Alex: And he has just won 43,000 dollars and change on Jeopardy!
It was a surprise to hear those words coming out of my mouth. I was in fact 33, single and looking, but it wasn’t anything I’d planned to announce from my podium. On the other hand, Alex may have been teeing me up for just that purpose. You never know with him, but at the end of that clip you can see his glee at wrapping up another contestant chat with a zinger.
I didn’t think much more about it. I won the game, lost the next day, and was a very happy four-time Jeopardy! champion.
Fast forward six weeks to a Tuesday afternoon, November 29th, the day this show aired. I was working at my writing office downtown when, at 4:28, the phone rang.
Unknown woman: “You were just on Jeopardy!”
Me: “Uh… yes, yes I was.”
Then followed an awkward five-second silence.
She turned out to be a grad student at Ohio State who had just seen the show on Eastern time. As the show ended, she called directory assistance (we did that in those days) and then dialed me immediately without thinking about what she’d say. We finally broke the ice, chatted for a few minutes, and hung up. Five minutes later I got another call just like it.
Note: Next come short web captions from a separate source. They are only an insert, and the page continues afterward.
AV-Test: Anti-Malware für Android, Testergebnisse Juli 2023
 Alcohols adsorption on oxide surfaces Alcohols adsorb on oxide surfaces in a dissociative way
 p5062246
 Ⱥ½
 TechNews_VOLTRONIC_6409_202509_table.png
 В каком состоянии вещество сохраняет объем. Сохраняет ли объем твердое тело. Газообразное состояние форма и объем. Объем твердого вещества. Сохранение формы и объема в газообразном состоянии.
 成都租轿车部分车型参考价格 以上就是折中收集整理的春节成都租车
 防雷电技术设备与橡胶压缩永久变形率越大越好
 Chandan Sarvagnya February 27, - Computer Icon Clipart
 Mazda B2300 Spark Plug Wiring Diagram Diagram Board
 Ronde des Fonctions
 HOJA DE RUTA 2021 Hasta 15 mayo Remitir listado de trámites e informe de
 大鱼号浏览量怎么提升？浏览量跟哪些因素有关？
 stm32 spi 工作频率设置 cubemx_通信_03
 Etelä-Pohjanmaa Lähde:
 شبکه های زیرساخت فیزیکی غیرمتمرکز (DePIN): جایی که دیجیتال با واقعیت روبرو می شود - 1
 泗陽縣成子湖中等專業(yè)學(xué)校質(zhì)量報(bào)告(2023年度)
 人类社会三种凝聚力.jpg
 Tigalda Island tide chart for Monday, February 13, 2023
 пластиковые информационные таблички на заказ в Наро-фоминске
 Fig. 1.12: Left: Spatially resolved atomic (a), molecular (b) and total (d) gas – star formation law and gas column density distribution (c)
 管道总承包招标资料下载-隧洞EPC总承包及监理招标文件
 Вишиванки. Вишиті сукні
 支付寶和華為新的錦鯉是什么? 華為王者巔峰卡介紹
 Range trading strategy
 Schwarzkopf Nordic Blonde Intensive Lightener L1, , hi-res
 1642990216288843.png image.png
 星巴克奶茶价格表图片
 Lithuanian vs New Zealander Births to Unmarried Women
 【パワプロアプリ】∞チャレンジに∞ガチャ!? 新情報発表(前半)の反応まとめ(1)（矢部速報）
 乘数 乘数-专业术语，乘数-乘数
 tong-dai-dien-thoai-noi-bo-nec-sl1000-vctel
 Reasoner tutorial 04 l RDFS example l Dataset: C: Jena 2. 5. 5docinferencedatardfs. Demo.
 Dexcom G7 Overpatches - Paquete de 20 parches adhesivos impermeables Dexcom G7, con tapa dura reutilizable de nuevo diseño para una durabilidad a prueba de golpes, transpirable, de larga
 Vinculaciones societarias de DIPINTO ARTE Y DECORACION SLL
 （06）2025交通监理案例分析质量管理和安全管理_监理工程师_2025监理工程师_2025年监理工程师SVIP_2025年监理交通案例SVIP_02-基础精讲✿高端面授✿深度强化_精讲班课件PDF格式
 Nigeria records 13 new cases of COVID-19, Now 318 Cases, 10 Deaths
Wow! At first I was amazed… but then I realized, you did say on national TV that you were available, right?
A few weeks later, two fat manila envelopes arrived from the Jeopardy offices in LA, stuffed with dozens of letters from women who’d also heard me say I was single and available.
I just now went down into our basement, unstacked some old boxes, and found those envelopes. I thought I might have thrown them out in a move somewhere along the line, but there they were, deep in the files.
What a time machine!
Ukiah, California: “I just saw you on Jeopardy — my favorite show. You mentioned being single and looking for someone…”
From Cambridge, Massachusetts: “I saw you on Jeopardy and heard your call for letters from single women who liked the show…”
From Coeur d’Alene, Idaho: “To the producers of Jeopardy: I would like to know how to get a hold of Ryan. On a previous show he announced he was single and Alex was joking that he was advertising…”
From Woodland, California: “I thought at the time that you looked like a nice guy and wondered if you were single. Then Alex said that yes you were single and looking for that special someone…”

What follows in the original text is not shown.